Exercise material:
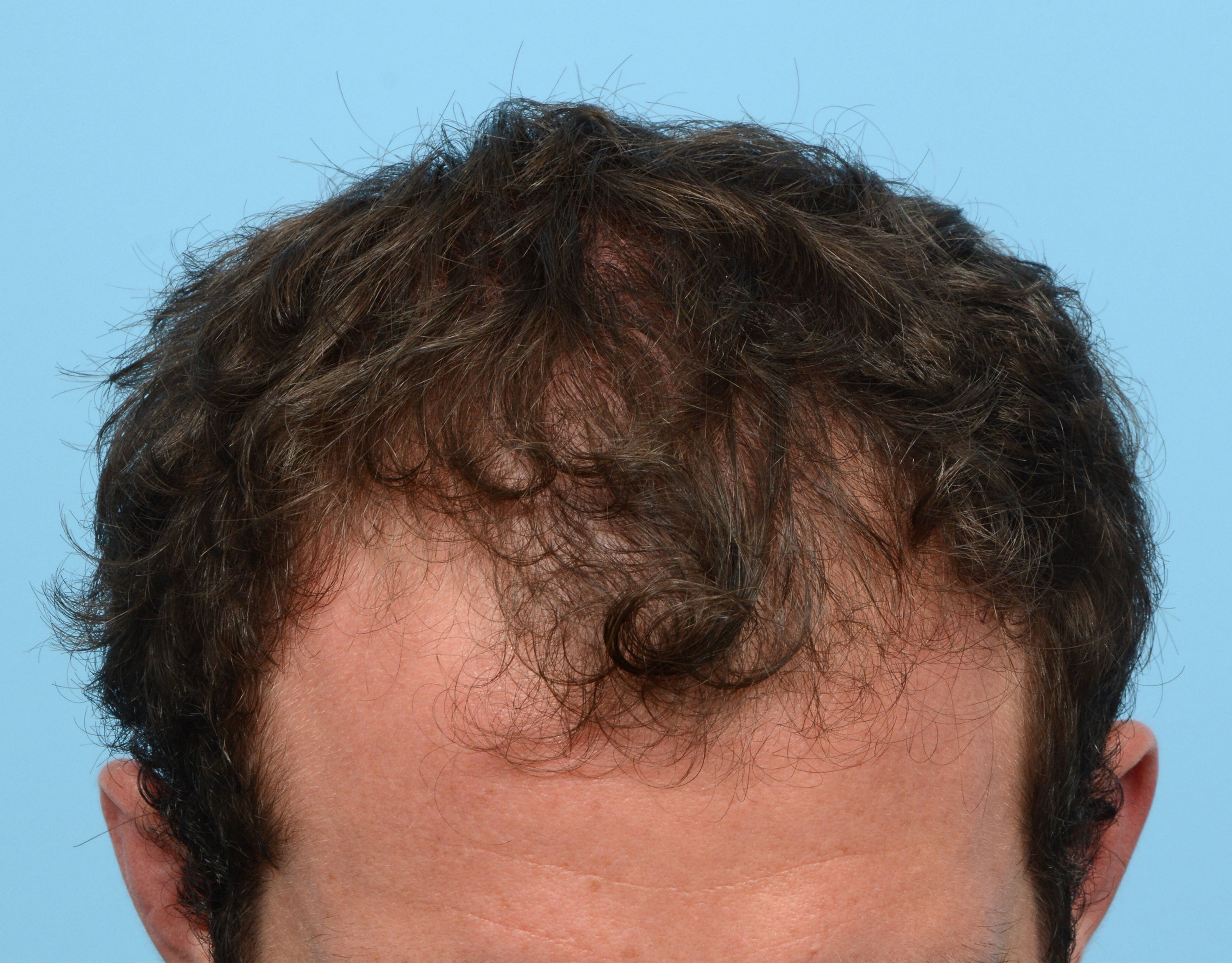 Fue Before and After | Dr. Jeffrey Wise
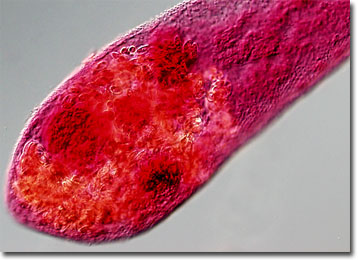 fluke under microscope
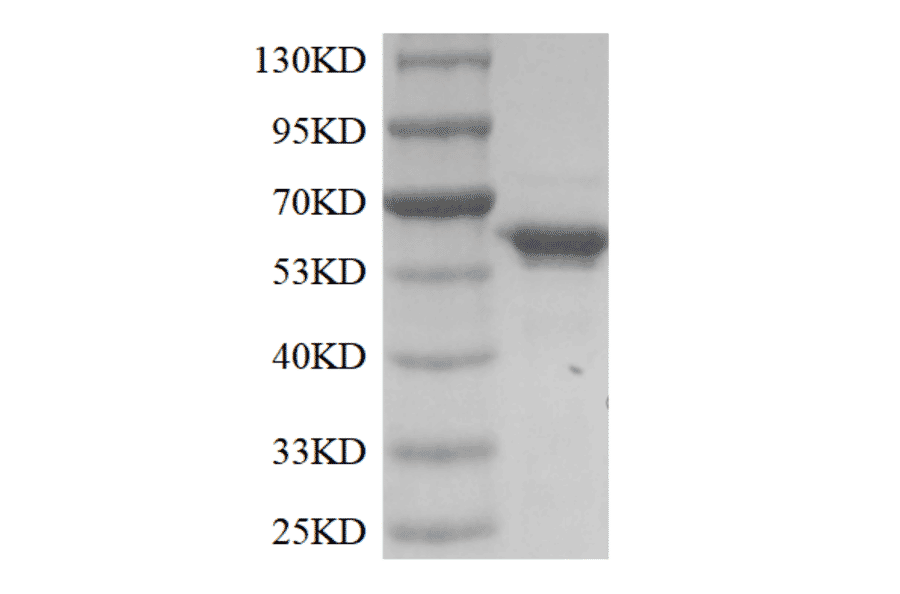 SDS-PAGE - Recombinant Terminal Deoxynucleotidyl Transferase / TdT Protein (Functional) (A319774) - Antibodies.com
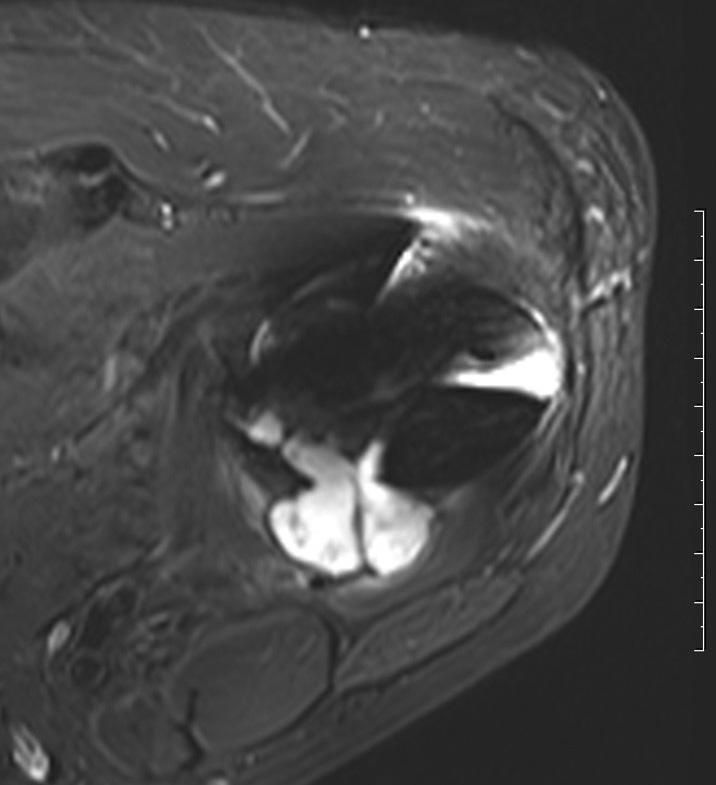 (A) The initial coronal T2 weighted magnetic resonance imaging (MRI) shows an intraosseous well-marginated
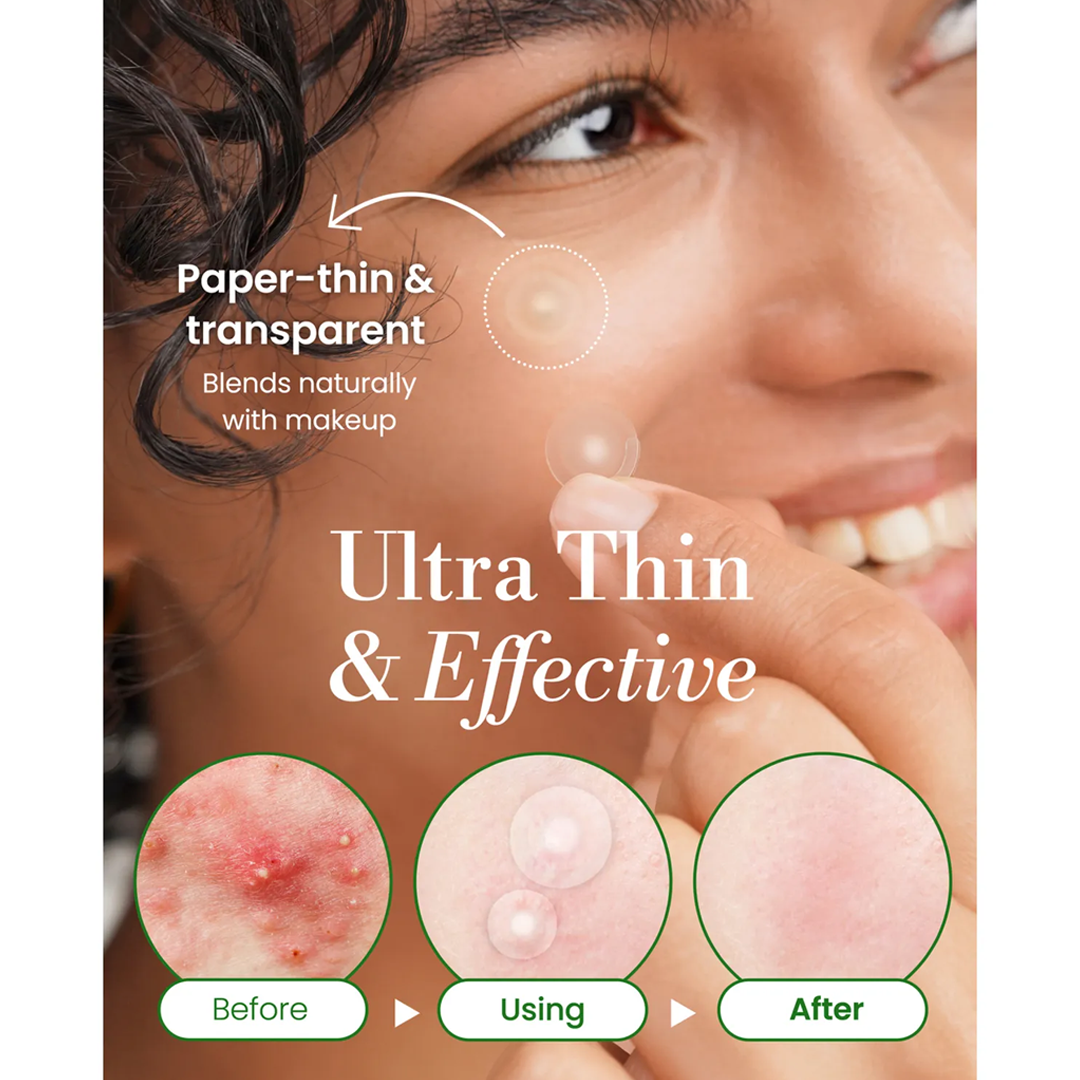 Troubless Invisible Plus Spot Patch The Red Correct 1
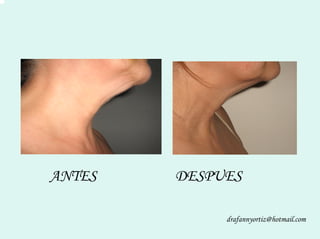 Peelling Rostoro Cuello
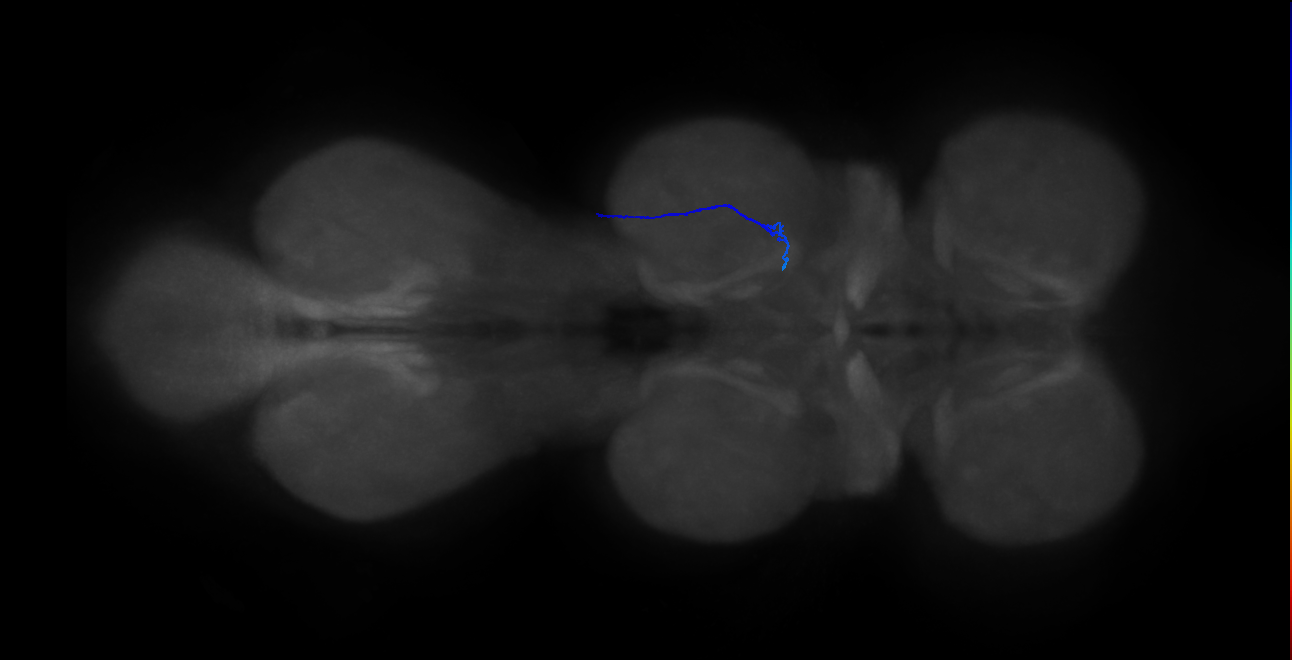 SNta24_MesoLN_R (MANC:177415)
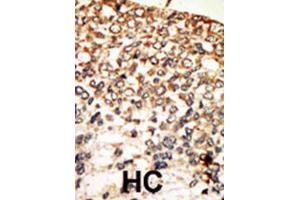 Immunohistochemistry (IHC) image for anti-PKA C-Alpha,PKA C-beta antibody (ABIN3002928) (PKA C-Alpha,PKA C-beta Antikörper)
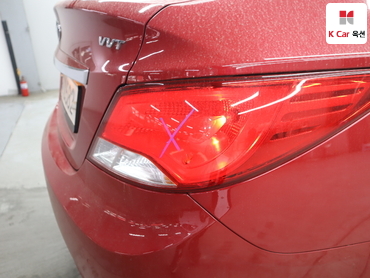 2017 - hyundai accent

Task details: Once the pictures are set aside, repeat the data above exactly.

Response below:
 Fue Before and After | Dr. Jeffrey Wise
 fluke under microscope
 SDS-PAGE - Recombinant Terminal Deoxynucleotidyl Transferase / TdT Protein (Functional) (A319774) - Antibodies.com
 (A) The initial coronal T2 weighted magnetic resonance imaging (MRI) shows an intraosseous well-marginated
 Troubless Invisible Plus Spot Patch The Red Correct 1
 Peelling Rostoro Cuello
 SNta24_MesoLN_R (MANC:177415)
 Immunohistochemistry (IHC) image for anti-PKA C-Alpha,PKA C-beta antibody (ABIN3002928) (PKA C-Alpha,PKA C-beta Antikörper)
 2017 - hyundai accent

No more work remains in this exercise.